**Task directions**
Each entry should be duplicated verbatim; its pictures should not be.

**Record set**
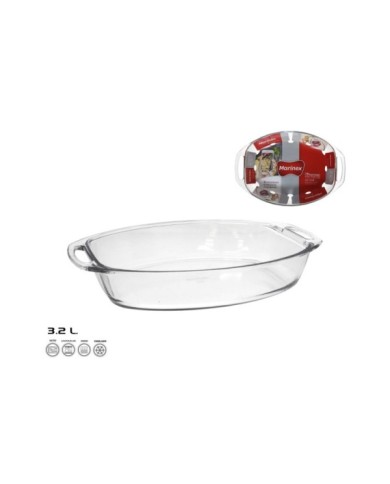 FUENTE OVAL SELETTA 36x24x7cm 3,2L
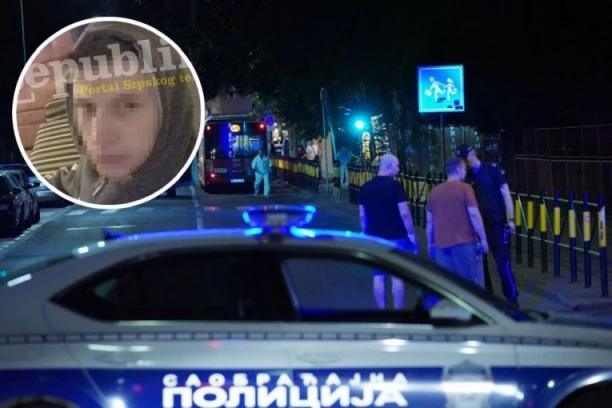 EVO KAD JE SAHRANA IVANA KOJI JE LIKVIDIRAN U ULICI GAVRILA PRINCIPA! Ubijen greškom, porodica očajna!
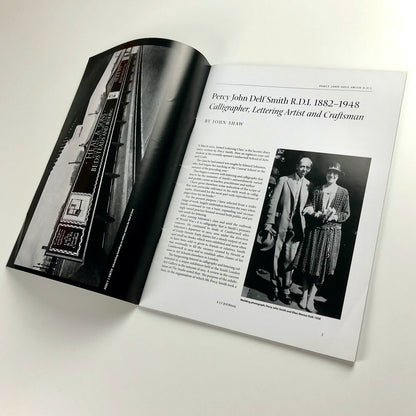 The Edward Johnston Foundation Journal | Issue No. 12, November 2007
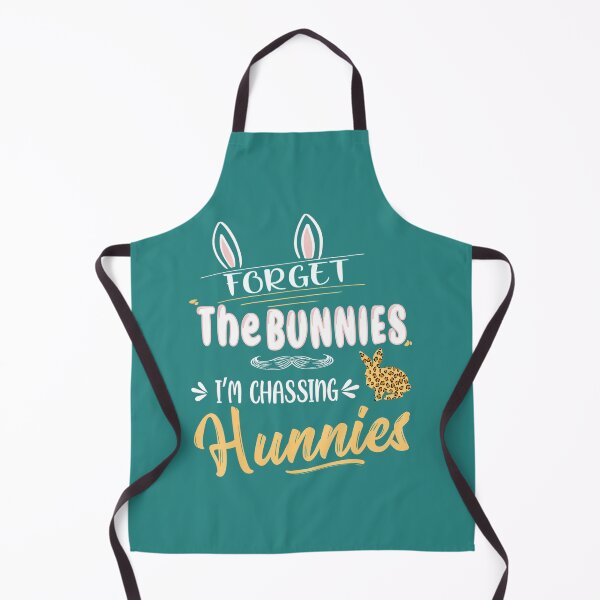Item preview, Funny Easter Forget The Bunnies Im Chasing Hunnies designed and sold by icecoconut.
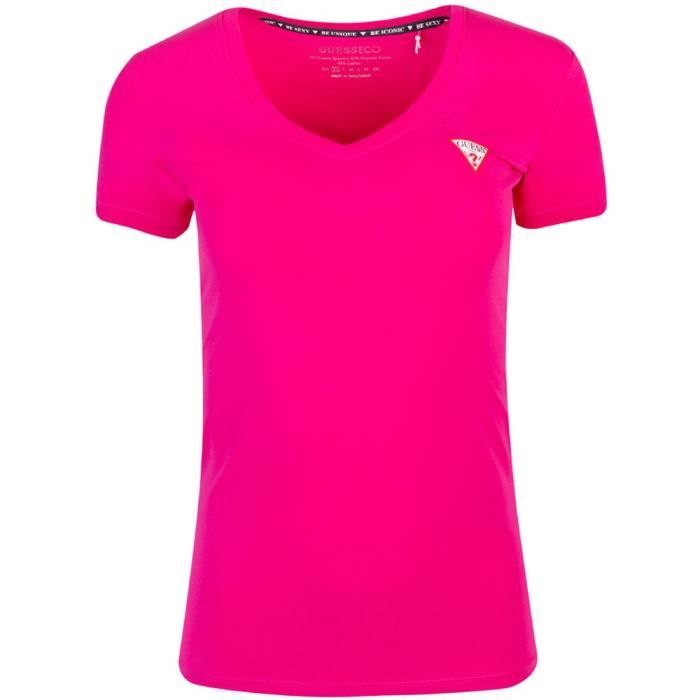 Guess rose t shirt shop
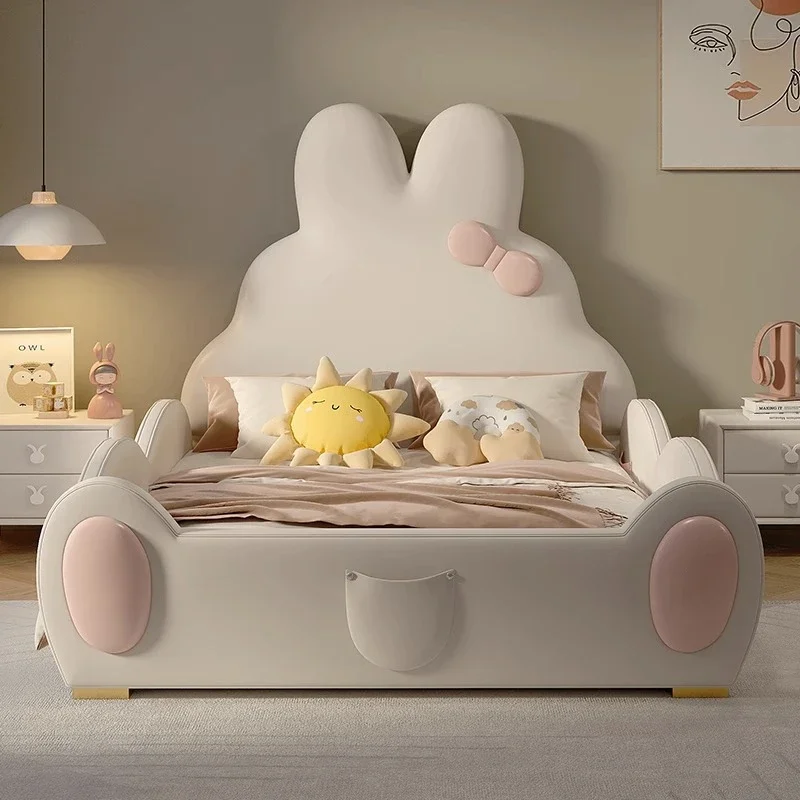 Bunny Dreamland Slide Kids Bed - Image 6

**Response**
 FUENTE OVAL SELETTA 36x24x7cm 3,2L
 EVO KAD JE SAHRANA IVANA KOJI JE LIKVIDIRAN U ULICI GAVRILA PRINCIPA! Ubijen greškom, porodica očajna!
 The Edward Johnston Foundation Journal | Issue No. 12, November 2007
Item preview, Funny Easter Forget The Bunnies Im Chasing Hunnies designed and sold by icecoconut.
 Guess rose t shirt shop
 Bunny Dreamland Slide Kids Bed - Image 6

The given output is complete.